• [WHAT IS NEEDED] Look below and pull out each line with the word "Mazda".

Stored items
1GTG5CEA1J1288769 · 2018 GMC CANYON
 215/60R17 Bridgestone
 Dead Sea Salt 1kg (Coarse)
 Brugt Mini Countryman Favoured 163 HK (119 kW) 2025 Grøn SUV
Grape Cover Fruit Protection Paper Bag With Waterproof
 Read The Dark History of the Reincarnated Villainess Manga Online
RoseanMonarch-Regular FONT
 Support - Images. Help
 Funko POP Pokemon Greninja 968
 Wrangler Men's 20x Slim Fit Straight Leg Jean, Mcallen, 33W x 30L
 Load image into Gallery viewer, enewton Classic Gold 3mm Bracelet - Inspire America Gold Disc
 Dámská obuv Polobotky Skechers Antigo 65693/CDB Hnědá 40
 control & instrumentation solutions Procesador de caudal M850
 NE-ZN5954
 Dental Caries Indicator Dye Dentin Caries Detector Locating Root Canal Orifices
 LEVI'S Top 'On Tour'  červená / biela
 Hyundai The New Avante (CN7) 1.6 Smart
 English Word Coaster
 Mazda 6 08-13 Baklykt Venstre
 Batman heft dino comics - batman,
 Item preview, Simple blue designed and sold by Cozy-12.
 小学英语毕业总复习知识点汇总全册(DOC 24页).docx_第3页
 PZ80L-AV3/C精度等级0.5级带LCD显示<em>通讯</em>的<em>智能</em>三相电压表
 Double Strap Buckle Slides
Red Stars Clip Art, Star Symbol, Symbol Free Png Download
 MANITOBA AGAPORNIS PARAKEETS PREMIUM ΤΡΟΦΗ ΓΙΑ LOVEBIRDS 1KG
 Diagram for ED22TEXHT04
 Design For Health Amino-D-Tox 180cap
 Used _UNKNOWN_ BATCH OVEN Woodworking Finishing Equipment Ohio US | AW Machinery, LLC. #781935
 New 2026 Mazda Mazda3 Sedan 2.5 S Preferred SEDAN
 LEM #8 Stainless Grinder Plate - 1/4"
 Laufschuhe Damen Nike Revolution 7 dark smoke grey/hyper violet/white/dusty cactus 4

• [RESPONSE FOR THIS EXERCISE]
 Mazda 6 08-13 Baklykt Venstre
 New 2026 Mazda Mazda3 Sedan 2.5 S Preferred SEDAN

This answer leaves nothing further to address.